■ **Exercise objective**:
Using the entries that follow, report the number of lines that include the string "House", without any other text.

■ **Data to examine**:

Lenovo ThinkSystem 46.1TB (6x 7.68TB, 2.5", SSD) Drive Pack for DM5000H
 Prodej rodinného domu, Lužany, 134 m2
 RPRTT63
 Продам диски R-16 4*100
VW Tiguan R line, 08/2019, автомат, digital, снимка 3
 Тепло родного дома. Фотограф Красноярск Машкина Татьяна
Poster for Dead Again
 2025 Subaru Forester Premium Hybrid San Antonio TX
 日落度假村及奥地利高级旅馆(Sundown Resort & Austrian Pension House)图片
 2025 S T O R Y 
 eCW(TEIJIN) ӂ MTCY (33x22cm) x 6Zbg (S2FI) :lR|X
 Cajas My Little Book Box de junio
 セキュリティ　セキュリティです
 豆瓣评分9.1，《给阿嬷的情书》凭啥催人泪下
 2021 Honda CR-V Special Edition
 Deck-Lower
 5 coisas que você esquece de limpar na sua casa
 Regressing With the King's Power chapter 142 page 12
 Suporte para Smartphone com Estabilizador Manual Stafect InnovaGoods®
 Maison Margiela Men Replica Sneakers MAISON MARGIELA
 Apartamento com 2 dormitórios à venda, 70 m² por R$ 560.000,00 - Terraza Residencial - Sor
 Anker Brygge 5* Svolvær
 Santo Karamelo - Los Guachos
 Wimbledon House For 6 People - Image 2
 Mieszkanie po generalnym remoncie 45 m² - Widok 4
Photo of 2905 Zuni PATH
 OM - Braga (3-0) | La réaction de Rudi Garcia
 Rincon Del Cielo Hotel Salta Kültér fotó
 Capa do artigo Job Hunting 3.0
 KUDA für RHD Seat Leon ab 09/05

■ **Your solution**:
2